I hesitate to apply any single word or descriptor to define Waterboy and the Mighty World, because my options don’t fully capture the experience. Spell-bound is one such word. To be spell-bound, you must fall into an experience so deeply you cannot get out until you are released. So:

There is a great deal of care and ritual in The HawtPlates performance style. They set up a square in the center of a theater. They enter slowly, non-theatrically. There are five studio microphones set up about the arena. They are using scripts of a sort, but those scripts are being supported by smooth unfinished wooden holders as opposed to black metal music stands. There is, already, a palpable sense of the journey ahead.

Then the journey begins. It’s made up mostly of song, sung by three voices, rising, falling, harmonizing, growling low and pitching up to top of range. There are almost no instruments, save for a few acts of percussion.
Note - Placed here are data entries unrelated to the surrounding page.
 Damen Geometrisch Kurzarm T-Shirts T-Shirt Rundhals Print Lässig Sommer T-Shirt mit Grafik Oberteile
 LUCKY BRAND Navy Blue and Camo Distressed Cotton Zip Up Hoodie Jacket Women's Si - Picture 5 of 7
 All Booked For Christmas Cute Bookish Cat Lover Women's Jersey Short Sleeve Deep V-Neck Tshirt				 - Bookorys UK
The words – lyrics, storylines – are abstract without being diffuse. It is possible to establish, for one’s self, a setting and time. It’s Old West, somewhere between 1850 and 1880? It’s a time when people were hung without trials. It’s a time when the law showed up on horses. It’s a time when the result of a search for water could be the difference between life and death. The music both honors this setting and complicates it – some is recognizable as traditional folk music (there are reinterpretations of songs made famous by Odetta Holmes), and some is more experimental in its composition. None of it is obvious. On the night I attended, there was only a single ‘break’ in which the audience was able to applaud, the songs blending tautly into next, layering over the former like waves breaking. In between, there are often audio clips played, which advance a semi-narrative. It’s not text you can place (like, ‘oh I get it, that goes here’) and so you carry it for a while before letting it go. It leaves you with your hands full. This is more or less true of the lyrics within the songs as well. Your attention stands in for the catharsis of applause. You feel, given the virtuosity and care demonstrated onstage, that you owe this much. You can carry all this. If you let it fall, it’ll break the spell. Don’t spill the water.
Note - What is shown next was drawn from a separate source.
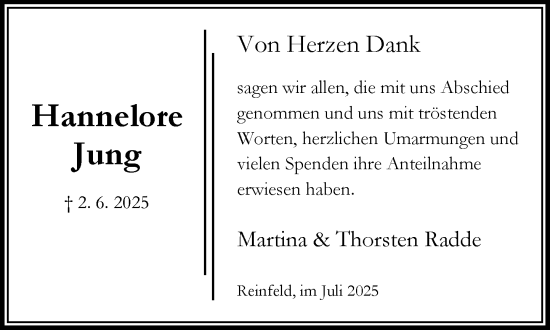 Traueranzeige von Hannelore Jung von MARKT Bad Oldesloe/Reinfeld und Stormarner Tageblatt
In reading about the show afterwards, I was able to place the performance in more of a context, for better or worse. I’m not sure if I would have preferred to have this information beforehand. Specifically, the context to which I’m referring is that much of the show was built around a real person’s story – that of Bass Reeves, the first African American US Marshal, who according to Wikipedia was born in 1838, died in 1910, and was credited with arresting more than 3,000 felons and also shot and killed 14 people in self-defense.
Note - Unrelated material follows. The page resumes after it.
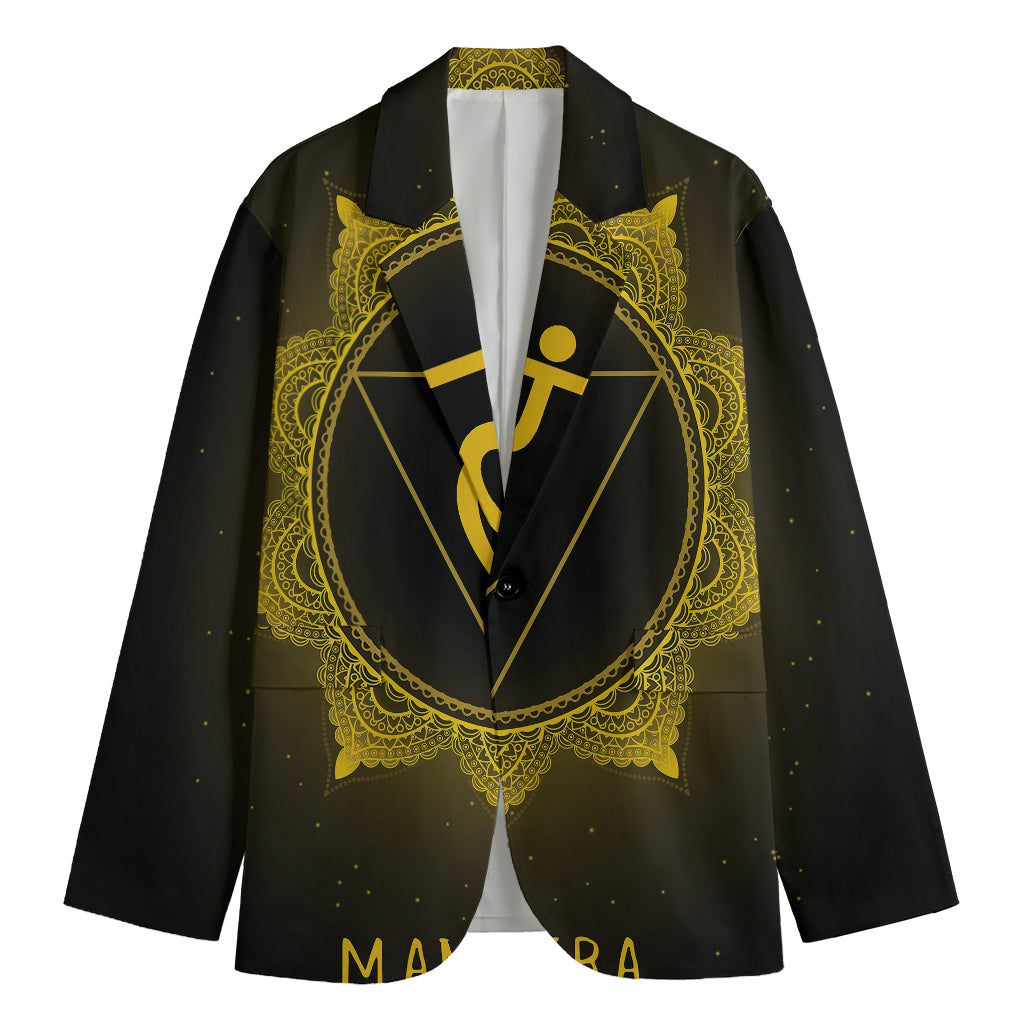 Manipura Chakra Symbol Print Men's Blazer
I had known that there would be an examination of the “complex relationship between people of color and law enforcement in America” from the show’s marketing. I was prepared for something potentially heavy. So maybe it was a relief that what I found myself carrying at the end was not weight, but something else, less knowable. More like an aura, the smell of a place and time not your own. Something you couldn’t drop, that soaks up time like it were water. You squeeze it later on and all that comes out is remembrance of sound.